Monday, 27 April 2026

Does the past still exist? — The reification of representational retention into ontological persistence

Few questions feel as emotionally charged as this one. The past is not merely something we think about—it is something we live with. Memory, regret, history, identity: all seem to depend on what has already happened. From this arises a natural question: does the past still exist?

“Does the past still exist?” appears to ask whether past events continue to exist in some domain of reality, or whether they are gone entirely.

But this framing depends on a prior move: treating representational and causal continuity across states as if it required the ongoing existence of prior states as objects.

Once that move is examined, the question no longer concerns a hidden temporal reservoir. It reveals a familiar distortion: the reification of structured retention into ontological persistence.

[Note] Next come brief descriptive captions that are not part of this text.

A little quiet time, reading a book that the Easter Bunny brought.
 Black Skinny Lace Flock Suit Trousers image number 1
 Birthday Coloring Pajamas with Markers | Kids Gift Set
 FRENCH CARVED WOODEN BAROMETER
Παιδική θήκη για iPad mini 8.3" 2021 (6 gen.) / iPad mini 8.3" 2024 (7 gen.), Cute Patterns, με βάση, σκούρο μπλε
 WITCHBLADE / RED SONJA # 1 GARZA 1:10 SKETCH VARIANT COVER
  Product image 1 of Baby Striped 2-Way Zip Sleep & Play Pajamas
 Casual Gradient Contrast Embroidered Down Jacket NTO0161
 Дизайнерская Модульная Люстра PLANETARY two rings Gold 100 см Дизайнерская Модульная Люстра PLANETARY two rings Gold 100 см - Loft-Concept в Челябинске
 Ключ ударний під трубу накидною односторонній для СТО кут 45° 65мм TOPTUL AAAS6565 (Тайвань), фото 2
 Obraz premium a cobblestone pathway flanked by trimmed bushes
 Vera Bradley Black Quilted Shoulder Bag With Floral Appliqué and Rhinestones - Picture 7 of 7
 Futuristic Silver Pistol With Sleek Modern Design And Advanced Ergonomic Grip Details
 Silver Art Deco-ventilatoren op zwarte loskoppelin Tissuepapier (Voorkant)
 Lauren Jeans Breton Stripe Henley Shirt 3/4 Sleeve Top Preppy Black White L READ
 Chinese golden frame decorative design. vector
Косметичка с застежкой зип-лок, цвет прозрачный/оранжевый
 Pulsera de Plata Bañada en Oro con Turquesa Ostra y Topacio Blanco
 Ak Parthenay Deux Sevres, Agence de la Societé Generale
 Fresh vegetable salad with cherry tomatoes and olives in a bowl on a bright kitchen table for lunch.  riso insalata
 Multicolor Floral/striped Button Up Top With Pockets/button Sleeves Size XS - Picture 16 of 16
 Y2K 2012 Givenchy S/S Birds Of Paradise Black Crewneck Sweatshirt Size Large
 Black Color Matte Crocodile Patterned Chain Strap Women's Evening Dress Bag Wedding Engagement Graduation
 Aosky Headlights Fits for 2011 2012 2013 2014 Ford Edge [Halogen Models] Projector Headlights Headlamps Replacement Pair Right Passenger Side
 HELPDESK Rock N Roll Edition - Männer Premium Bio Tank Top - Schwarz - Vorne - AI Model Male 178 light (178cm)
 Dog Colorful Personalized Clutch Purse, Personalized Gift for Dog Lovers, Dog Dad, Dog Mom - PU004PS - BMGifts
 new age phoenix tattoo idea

1. The surface form of the question

“Does the past still exist?”

In its everyday philosophical form, this asks:

  • whether past events continue to exist in some sense
  • whether time is a collection of equally real slices
  • whether the present merely accesses what still is
  • whether history is ongoing rather than gone

It presupposes:

  • that existence applies uniformly across temporal positions
  • that “pastness” is a mode of being rather than a relation
  • that absence from present access implies non-existence
  • that temporal reference tracks ontological status

2. Hidden ontological commitments

For the question to stabilise, several assumptions must already be in place:

  • that existence is independent of relational accessibility
  • that temporal indexing corresponds to modes of being
  • that what is no longer accessible is no longer real
  • that representation requires ongoing existence of its referent
  • that memory implies persistence of remembered states

These assumptions convert relational trace-structures into surviving entities.


3. Stratal misalignment

Within relational ontology, the distortion involves reification, temporal flattening, and representational projection.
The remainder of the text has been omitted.